Each person who performs in these sessions is related to The Music Box in some way, whether they are students, alumni or staff members performing with students, and all play in a range of classical ensembles, popular music bands, or are singer-songwriters and solo artists.
Sarah said: “My colleague Scott Hannah and I started the sessions to allow students to work on projects that they could use to develop their own portfolio, as well as to showcase the fantastic musicians we have studying music at Edinburgh College.
“The sessions provide students of all levels and disciplines with a great opportunity to gain studio experience, showcase songs they have been working on and build a portfolio of work. In the past students have used Music Box Sessions for college submissions, to promote themselves on social media, to send to promoters to get gigs or simply to show their family and friends what they get up to at college.”
Recorded and mixed by Sarah herself and filmed and edited by her colleague Scott Hannah, the sessions are made to feel like a real recording session, with the constraints that exist in the industry being emulated by recordings being limited to three takes.
Then, by ensuring that each session is released on social media at the same time each week – 5pm on a Friday – Sarah and Scott create a real buzz around each video so that the students can get excited about sharing their performance with their friends and family on a regular basis.
Music student, Arthur Hill, said: “The music box sessions were an amazing opportunity to record original music in a professional environment and to work amongst an incredibly experienced team. Personally, focusing on composition as my primary avenue of study, the chance to have my work performed and recorded and shared amongst a wider audience was so exciting and I’m hugely grateful to Sarah for affording me (and so many other people) that opportunity. They massively boosted my confidence as a performer and a composer.”
Music student, Charlotte Allan, added: “The sessions have positively impacted my college experience. Seeing the final result of the sessions gives me a feeling of achievement as I see all our hard work put together in a video. Sarah does a great job of mixing and editing videos in a way that displays and shows off each person’s abilities. I am inspired by her skills in mixing and editing – the videos that have been mixed and edited by Sarah have always been of a high quality.”

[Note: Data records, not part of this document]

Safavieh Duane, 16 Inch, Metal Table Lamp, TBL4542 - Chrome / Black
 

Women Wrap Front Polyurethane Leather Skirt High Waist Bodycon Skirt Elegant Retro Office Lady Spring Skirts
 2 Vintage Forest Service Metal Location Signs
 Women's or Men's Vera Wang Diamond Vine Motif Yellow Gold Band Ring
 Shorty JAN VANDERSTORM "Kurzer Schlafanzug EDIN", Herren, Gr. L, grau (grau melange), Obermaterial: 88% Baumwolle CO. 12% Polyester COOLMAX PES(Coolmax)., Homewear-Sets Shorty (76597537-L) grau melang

With her work helping students build confidence and showcasing the College’s fantastic work to a broader audience, Sarah was recently shortlisted in the Professional Services Colleague of the Year category at this year’s CDN awards.
On her shortlisting, Sarah said: “It’s fantastic! Doing the Music Box Sessions doesn’t really feel like work – so to be nominated and recognised for something that I enjoy doing and which is also adding value to the student experience is an amazing feeling.
“Scott and I are continuing to run sessions as we always have but recently have been working with individual students over a number of sessions to try and focus on a more polished end result. We are hoping to offer more sessions like these in order to make them something the students will get even more from in terms of experience. We always have lots of ideas about how to make them bigger and better and more exciting and hope that one day they will be a core part of the curriculum.”